Conversations are wonderful tools for stirring one’s creative juices. This past weekend was spent conversing with friends, family, watching the Olympics (well, watching the Olympics was merely for fun, but i digress), and Googling Anansi folk-tales, all in the quest for discovering ways to bring this idea of telling African folk-tales to a larger audience . It seems like this project may grow to be much bigger than I ever imagined. Just looking at the influence of African stories in African-American and Caribbean cultures show the vastness of our common experience. The Anansi tales are a perfect example: you can find versions of these tales in both African-American and Caribbean folklore as well.
Unity of Experience
The audience being targeted with this project come from diverse backgrounds.
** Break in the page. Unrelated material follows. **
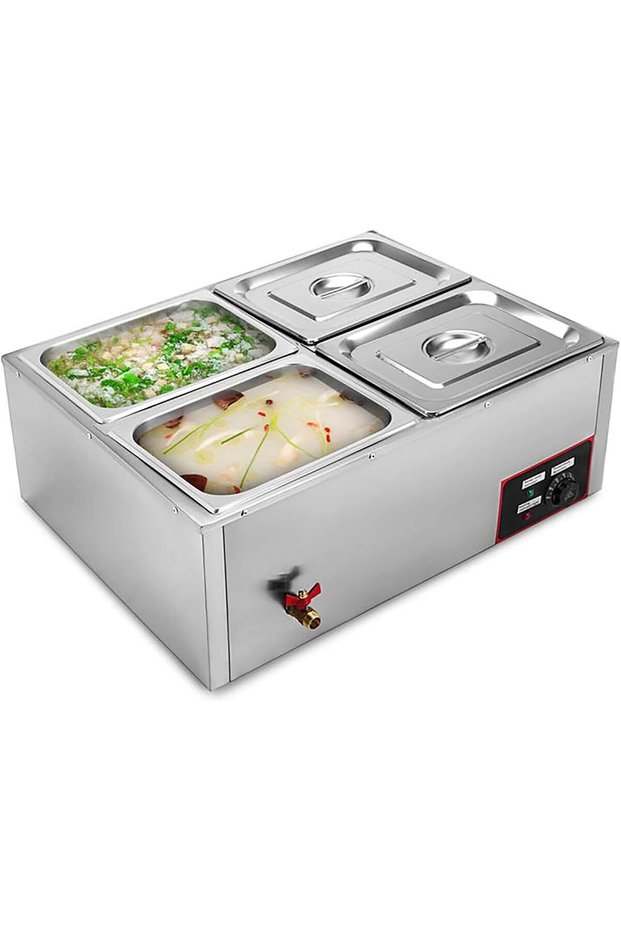 Amhuui Commercial Food Warmer with Lid, 850W Electric Steam Table 15cm/6inch Deep, 4-Pan Professiona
Although the primary goal is to reach the African diaspora, the hope is that through the telling, these stories can reach children of many cultures and backgrounds. How can this be done? What is the characteristic of a good story? It is one in which the audience can identify with the characters–growing with the characters as they learn more about themselves — their hopes, their dreams, their strengths and their limitations. The challenge in writing such scripts does not merely arise from identifying the proper creative inspiration; the primary challenge is in developing believable and real characters. That is going to be my current focus. It’ll take time and a lot of reading. But I’m in this for the long haul.
To my readers, cheers. Over and out.